Kempton’s defence counsel (Matthew Goode) naturally gets kinder treatment than his legal colleagues – a small mercy but a mercy even so, given Jeremy Hutchinson’s distinguished career in public life. (He was also one of Peggy Ashcroft’s husbands, information that enables Kempton to regale counsel with his knowledge of The Cherry Orchard, in which Ashcroft is currently playing Ranevskaya – as she really did, in late 1961.) Hutchinson, who had previously worked for the defence at the Lady Chatterley trial, successfully makes the case that, because the Goya has been returned, Bunton is not guilty of its theft, on the grounds that he never meant to keep the painting indefinitely. It’s ironic that what sounds like sophistry invented for dramedic effect is true[1]. But Hutchinson’s clever argument and a couple of bits of irrepressible Kempton playing to the gallery are the only bright spots in the courtroom scenes, which are directed with a sledgehammer touch. It’s soon obvious the defence has decided not to cross-examine prosecution witnesses but Michell never lets up on the yawning pauses before Hutchinson says no questions, each time the judge invites him to ask some. The camera repeatedly fixes on the faces of the judge, the prosecution, the clerk of the court, a sympathetic female juror (Michelle Thomas), giving them all ample time to over-react to key remarks.
The coverage of the theft itself is contrastingly discreet, for good reason: it transpires that Kempton, on his trip to London to lobby the BBC and Parliament, didn’t in fact steal the painting. This is the narrative’s big reveal and it’s well handled. While Kempton is awaiting trial, Jackie informs Dorothy that he was the thief – as it were on his father’s behalf – but that Kempton has insisted on taking the rap. (It was in 1969 that Jackie Bunton eventually made a confession to the police, who decided, on the advice of the Director of Public Prosecutions, not to press further charges.)

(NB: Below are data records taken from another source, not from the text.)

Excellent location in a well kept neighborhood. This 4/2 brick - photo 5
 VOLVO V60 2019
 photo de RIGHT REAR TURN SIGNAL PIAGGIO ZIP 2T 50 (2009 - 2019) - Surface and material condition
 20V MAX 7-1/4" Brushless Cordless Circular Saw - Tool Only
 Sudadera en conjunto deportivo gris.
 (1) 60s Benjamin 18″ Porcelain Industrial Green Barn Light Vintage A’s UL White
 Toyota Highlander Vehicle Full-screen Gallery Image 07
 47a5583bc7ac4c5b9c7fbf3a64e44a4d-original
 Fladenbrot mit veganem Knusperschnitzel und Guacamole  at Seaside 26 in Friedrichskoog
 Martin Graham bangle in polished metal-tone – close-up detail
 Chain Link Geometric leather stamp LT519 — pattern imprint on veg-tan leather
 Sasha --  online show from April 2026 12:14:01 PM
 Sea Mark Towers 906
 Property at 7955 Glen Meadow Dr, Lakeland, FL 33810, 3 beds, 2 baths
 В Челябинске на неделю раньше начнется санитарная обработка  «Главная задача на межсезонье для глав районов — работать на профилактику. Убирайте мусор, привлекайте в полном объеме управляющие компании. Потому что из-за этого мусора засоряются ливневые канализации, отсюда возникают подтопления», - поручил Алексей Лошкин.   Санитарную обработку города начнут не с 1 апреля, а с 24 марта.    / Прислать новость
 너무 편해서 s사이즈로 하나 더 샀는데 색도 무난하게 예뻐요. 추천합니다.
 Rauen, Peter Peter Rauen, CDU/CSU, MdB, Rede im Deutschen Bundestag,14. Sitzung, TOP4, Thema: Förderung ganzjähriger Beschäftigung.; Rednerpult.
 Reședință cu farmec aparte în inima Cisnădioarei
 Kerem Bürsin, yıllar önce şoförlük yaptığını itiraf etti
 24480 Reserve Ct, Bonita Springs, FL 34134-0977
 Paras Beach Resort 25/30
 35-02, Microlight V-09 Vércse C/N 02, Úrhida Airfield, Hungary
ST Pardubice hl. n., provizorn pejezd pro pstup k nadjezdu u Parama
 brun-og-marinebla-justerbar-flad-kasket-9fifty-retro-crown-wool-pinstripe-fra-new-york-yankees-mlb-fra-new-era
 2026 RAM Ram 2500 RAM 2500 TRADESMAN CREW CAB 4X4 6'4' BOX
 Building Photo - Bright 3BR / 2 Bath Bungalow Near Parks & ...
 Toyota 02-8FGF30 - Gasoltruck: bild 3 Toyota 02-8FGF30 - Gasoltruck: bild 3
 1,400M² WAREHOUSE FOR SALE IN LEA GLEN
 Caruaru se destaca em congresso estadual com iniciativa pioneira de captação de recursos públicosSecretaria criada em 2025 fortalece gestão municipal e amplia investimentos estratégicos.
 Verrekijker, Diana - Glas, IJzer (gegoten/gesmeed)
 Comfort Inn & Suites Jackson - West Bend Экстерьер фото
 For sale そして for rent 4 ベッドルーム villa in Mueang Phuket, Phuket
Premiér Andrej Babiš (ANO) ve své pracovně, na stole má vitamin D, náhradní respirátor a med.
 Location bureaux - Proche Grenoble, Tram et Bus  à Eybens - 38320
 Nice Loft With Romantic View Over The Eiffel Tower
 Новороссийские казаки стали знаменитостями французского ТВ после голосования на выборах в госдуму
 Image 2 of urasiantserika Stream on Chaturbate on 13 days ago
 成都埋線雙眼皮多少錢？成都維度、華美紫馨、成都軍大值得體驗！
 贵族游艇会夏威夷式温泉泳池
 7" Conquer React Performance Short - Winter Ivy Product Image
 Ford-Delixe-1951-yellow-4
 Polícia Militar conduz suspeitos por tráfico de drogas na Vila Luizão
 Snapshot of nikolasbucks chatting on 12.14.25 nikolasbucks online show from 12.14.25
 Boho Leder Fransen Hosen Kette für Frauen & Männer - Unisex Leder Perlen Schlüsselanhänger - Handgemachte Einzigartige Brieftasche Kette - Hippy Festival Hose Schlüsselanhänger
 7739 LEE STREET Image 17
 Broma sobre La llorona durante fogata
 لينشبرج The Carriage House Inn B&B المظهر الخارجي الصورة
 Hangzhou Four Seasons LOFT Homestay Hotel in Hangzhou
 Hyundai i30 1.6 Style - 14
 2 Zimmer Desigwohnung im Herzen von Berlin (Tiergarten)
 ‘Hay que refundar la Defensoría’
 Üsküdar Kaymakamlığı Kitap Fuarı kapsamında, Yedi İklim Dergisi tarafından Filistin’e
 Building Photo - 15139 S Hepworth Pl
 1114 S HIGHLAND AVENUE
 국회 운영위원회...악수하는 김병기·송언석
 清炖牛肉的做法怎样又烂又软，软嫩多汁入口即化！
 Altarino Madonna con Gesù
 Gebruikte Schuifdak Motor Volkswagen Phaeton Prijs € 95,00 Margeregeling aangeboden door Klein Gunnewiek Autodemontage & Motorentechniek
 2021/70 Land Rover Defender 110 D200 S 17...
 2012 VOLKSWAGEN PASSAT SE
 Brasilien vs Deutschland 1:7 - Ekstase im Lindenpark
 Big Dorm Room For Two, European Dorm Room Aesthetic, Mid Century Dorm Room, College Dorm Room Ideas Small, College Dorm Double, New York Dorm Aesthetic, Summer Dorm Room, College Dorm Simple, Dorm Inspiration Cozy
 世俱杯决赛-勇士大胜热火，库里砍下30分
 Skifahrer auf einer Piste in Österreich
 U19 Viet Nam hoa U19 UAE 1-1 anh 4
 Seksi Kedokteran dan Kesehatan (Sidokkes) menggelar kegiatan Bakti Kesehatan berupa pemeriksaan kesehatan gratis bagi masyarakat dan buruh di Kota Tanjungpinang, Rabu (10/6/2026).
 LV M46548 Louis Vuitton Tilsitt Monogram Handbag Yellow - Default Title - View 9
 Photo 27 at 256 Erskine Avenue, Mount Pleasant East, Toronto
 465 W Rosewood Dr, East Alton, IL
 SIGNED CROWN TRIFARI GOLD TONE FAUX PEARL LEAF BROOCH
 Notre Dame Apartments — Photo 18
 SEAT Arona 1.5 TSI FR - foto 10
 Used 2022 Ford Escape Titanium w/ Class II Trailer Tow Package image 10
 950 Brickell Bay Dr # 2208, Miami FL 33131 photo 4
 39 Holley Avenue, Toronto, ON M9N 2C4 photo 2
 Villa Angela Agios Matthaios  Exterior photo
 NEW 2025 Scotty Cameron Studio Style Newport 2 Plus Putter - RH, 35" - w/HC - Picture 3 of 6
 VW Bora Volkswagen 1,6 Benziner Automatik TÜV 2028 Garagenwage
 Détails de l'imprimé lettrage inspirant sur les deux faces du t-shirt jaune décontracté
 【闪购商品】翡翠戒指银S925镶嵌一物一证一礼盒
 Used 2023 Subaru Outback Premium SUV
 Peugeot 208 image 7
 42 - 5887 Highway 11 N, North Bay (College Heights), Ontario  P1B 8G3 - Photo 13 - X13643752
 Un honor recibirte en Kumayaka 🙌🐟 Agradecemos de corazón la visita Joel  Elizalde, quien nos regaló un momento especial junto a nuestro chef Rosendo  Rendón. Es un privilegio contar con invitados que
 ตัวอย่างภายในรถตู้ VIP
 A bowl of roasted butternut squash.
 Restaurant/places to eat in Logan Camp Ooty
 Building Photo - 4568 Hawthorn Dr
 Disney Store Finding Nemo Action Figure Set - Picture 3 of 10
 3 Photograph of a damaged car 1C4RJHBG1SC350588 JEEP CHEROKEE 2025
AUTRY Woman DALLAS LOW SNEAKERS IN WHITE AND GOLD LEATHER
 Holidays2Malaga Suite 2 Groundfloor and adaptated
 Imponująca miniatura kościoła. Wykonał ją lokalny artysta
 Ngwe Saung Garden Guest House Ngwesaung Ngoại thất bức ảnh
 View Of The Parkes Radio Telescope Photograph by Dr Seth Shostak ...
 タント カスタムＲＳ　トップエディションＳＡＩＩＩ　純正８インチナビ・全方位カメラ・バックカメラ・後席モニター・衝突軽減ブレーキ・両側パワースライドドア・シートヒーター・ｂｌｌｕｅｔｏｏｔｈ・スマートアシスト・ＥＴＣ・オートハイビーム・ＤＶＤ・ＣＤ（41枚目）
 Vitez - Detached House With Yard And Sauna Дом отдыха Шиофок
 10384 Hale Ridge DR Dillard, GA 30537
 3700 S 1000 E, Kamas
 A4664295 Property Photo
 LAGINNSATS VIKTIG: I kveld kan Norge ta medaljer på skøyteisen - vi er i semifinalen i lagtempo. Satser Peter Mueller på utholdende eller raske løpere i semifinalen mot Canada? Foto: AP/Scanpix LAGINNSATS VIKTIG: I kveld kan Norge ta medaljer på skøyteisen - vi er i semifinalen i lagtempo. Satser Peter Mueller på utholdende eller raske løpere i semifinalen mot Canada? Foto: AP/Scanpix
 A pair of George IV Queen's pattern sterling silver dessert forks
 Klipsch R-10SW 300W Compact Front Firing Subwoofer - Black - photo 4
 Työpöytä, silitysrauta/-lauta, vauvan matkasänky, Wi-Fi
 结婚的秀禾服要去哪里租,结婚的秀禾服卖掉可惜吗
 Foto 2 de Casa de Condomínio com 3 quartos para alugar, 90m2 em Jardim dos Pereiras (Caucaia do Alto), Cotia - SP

Kempton and Dorothy do finally get their outing to the pictures,where they see a spy film rather than a musical. The theft of the Goya portrait had become such a media story that Dr No (1962), the first Bond, really does include a scene in which 007 looks curiously at the painting, which is hanging in the title character’s lair (the copy was painted by production designer Ken Adam). What’s more, the portrait was still missing at the time of Dr No‘s release: it was ‘four years after the theft [that] Bunton contacted a newspaper, and through a left-luggage office at Birmingham New Street railway station, returned the painting voluntarily. Six weeks later, he also surrendered to the police …’ (Wikipedia). Roger Michell’s Dr No postscript is agreeable enough but it’s also typical of the prevailing emollient tone of The Duke. When they see the Goya on the big screen, the Buntons chuckle, at a kerfuffle that’s now safely a thing of the past. If the script had stuck to the real timeframe of events, they would have had to look at Dr No differently – knowing, unlike the rest of the cinema audience, the true location of the Duke of Wellington’s portrait. It’s doubtful either Kempton or Dorothy would have found it a laughing matter.
3 March 2022
[1] According to Wikipedia, ‘In a direct response to the case, Section 11 of the Theft Act 1968 was enacted, making it an offence to remove without authority any object displayed or kept for display to the public in a building to which the public have access’.